All that messuage, farm and tenement, called shaw stile, now in the occupation of John Beard, together with the gunpowder mills standing thereon, now in the holding of Messrs Williamson & Co., and also a Close of land, part of Fernylee Pastures, in the holding of William Warren as described in the said Plan and Particulars, containing together 192a 3r 37p or thereabouts.

Glossopdale Chronicle
17 August 1872

the wakes.

On Tuesday there was a trip to Liverpool by the workmen in the employ of Williamson & Co., Fernilee Powder Mills, who along with their wives and a few friends were conveyed thither by the kindness of their employer. There were two carriages filled by this party.
Glossopdale Chronicle & North Derbyshire Reporter:
22 June 1872

storm in the goyt valley.

At the Fernilee Gunpowder Mills the damage done to the works was very extensive, the water having destroyed a large quantity of powder in process of manufacture, and doing damage to the sheds, besides carrying away two bridges, a foot bridge and a tramway. Over £500 worth of damage was done.

Glossop Advertiser and High Peak Herald
22 June 1872

AT FERNILEE a distance of about three miles from Whaley Bridge, the works of Messrs Williamson & Co., the Fernilee Gunpowder Mills, where walls have been broken down and carried away.
One of these, a yard and a half in thickness, and of great length (erected to prevent explosions between store houses) has been entirely demolished. A great quantity of timber on a rack was loosened and swept away, and a footbridge and tramway bridge (the iron rails included) met with a similar fate, besides a great bank wall of about 40 yards in extent being destroyed.

The tools and other material in the workshops was covered with mud, and a great quantity of gunpowder in process of manufacture was melted down into a large cake.

Fortunately the electric fluid did not strike any of the storehouses, or in all probability an explosion of very great magnitude would have taken place.
High Peak News

4 July 1874

fernilee and its gunpowder mills
The romantic and highly picturesque village of Fernilee, in the parish of Hope, from its interesting and secluded situation affords, whether in winter or summer, some of the most charming landscapes in Derbyshire. Shut out in the greater part from the busy scenes of daily life, and the dull monotony of the town, it fairly reveals in its own quietness and solitude, with nothing to create discord on its grassy slopes or finely-wooded hills.

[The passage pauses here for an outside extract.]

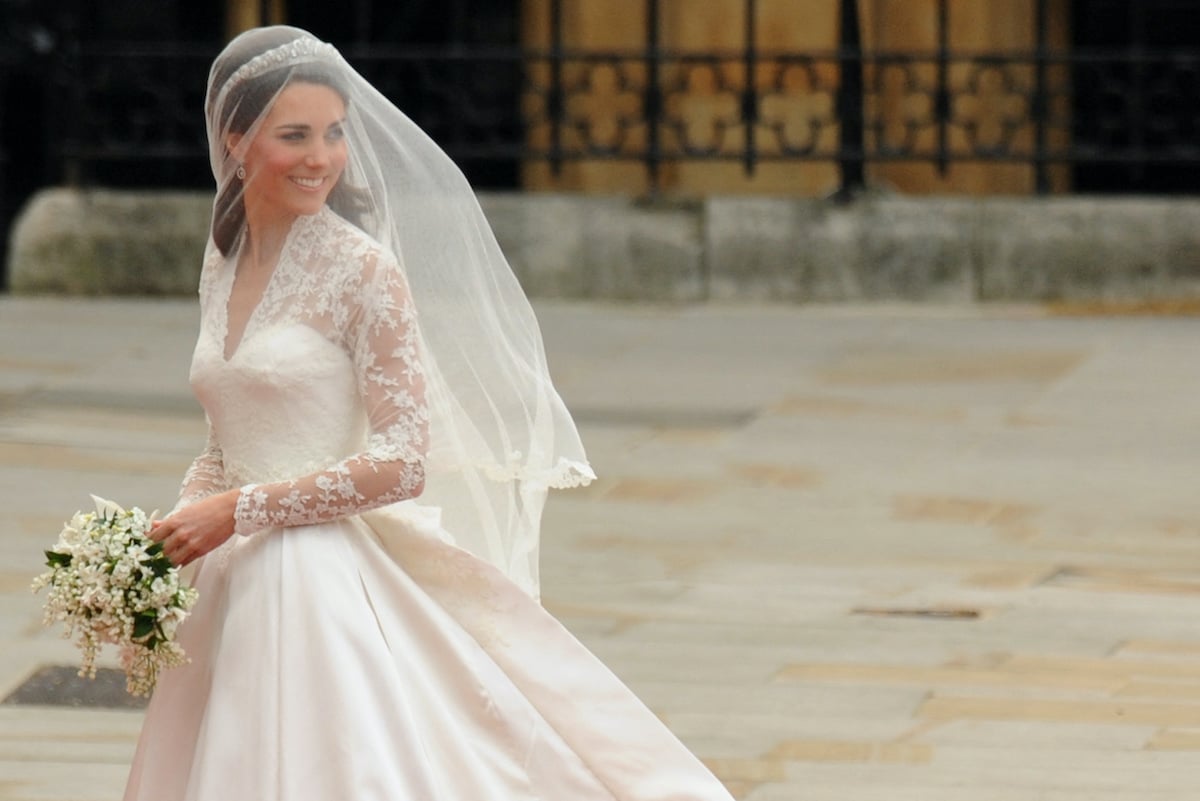 Kate Middleton in her wedding dress looking over her shoulder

The clear rippling stream of the Goyt which flows through the valley as a small brooklet, unpolluted with the filth and chemicals which are poured into its waters lower down, abounds with fish which may here and there be seen sporting about, or leaping after the flies upon its surface. Here and there rich meadow and pasture land with cultivated fields and farm houses, some of rude construction, and others of more refined build, dot the landscape, whilst in the distance loom thickly wooded copses and wild moor land, where the pheasant, the partridge, the rabbit, and other game may be found.

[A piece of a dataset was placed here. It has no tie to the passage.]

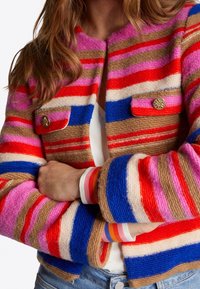 Femme portant une veste en laine rayée colorée avec des boutons dorés, bras croisés, montrant des rayures horizontales rouges, roses, bleues, beiges et orange.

Taxal Church, in the centre of a wood, also appears a conspicuous object in the distance; whilst on the slope of a hill may be noticed the neat and handsome little chapel erected by the Wesleyan Methodists, whose sway in this neighbourhood appears to exceed all other denominations.

There are also two coal mines, one worked in the usual way, and the other has had its coal drawn by an inclined tunnel from the bowels of the earth. Near these mines there are a few cottages and neat farm houses, and also a little inn.

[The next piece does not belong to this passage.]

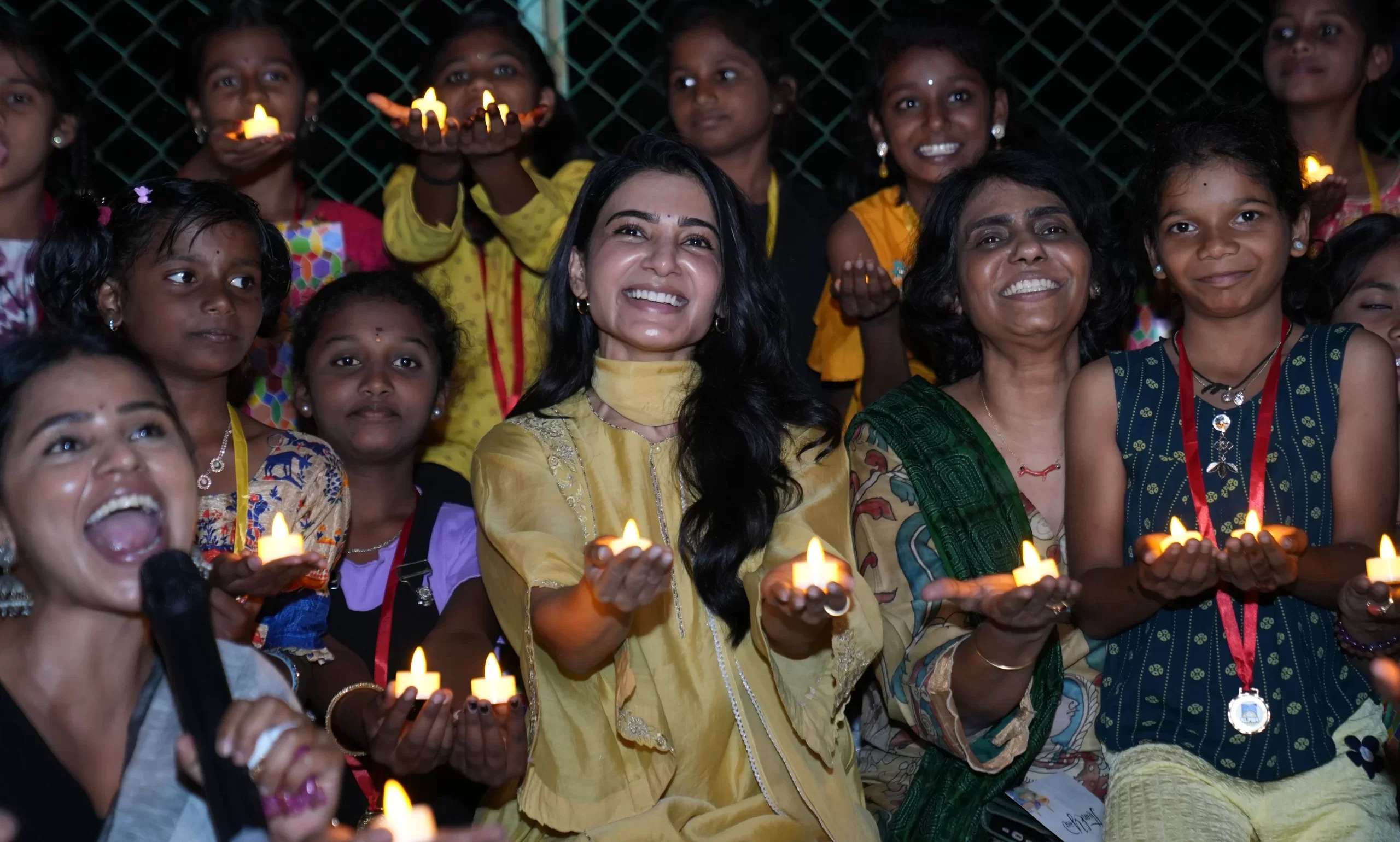 Actress Samantha Ruth Prabhu smiling with a group of young girls holding lit candles during an evening event at a sports facility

The line conveying the wagons of the Buxton Lime Company also passes through this way, skirting the hill side, and carried under the Buxton highway through a deep cutting, and then to the incline on the old Cromford and High Peak Railway.
In one or two secluded spots there are snugly ensconced in shady dells some fine villa residences, a few cottages, and farm steads, all within a short distance of the above highway.

In the valley at the foot of towering heights, clad with trees and verdure, there are situated the gunpowder mills, of Jas. Hall Williamson, & Co., known as the Fernilee Gunpowder Mills, occupying a very extensive area, and so situate as to be quite out of danger to the surrounding district in the event of an explosion. The works, as well as the grounds, are laid out in a very charming manner, making the visitor for the time forgetful of the dangerous material that is manufactured there. The waters of the Goyt, of which this valley is named, are wonderfully diverted so as to furnish the motive power required in the various departments; where other than human strength is needed to carry on the process. Each place or workshop is reached by a neatly constructed tramway, made with the greatest possible care to avoid friction, as the manufactured or unmanufactured article is conveyed from one place to another. Underneath the shadow of a high hill is erected the principal magazine for the storage of the material as it is made. It is strongly built, quite dry, and has double doors for safety.

The workmen on entering are provided with a pair of elastic shoes without nails, in order to avoid any friction, which might lead to an explosion. Passing along the tramway a little further, there are a group of three incorporating mills, having millstones of six tons weight each, driven by a small water-wheel. Here the grains are ground down to their proper consistency. A little further there is a separating house protected by a strong breast wall, to break the force of an explosion, should one occur. Near the charcoal house there is a gun or mortar, from which a shot weighing 61lb can be thrown a great distance. It is used for the trial of powder as is manufactured. Driven by a large water-wheel is the corning and granulating house, with an interior not unlike that of a corn mill, except the colour, and the smell.
In this place India rubber shoes have to be worn.
Then there are the brimstone mill, the glazing house, and the charcoal mill.
There is also the green charge house, the mixing house, the weighing house, and saltpetre stores.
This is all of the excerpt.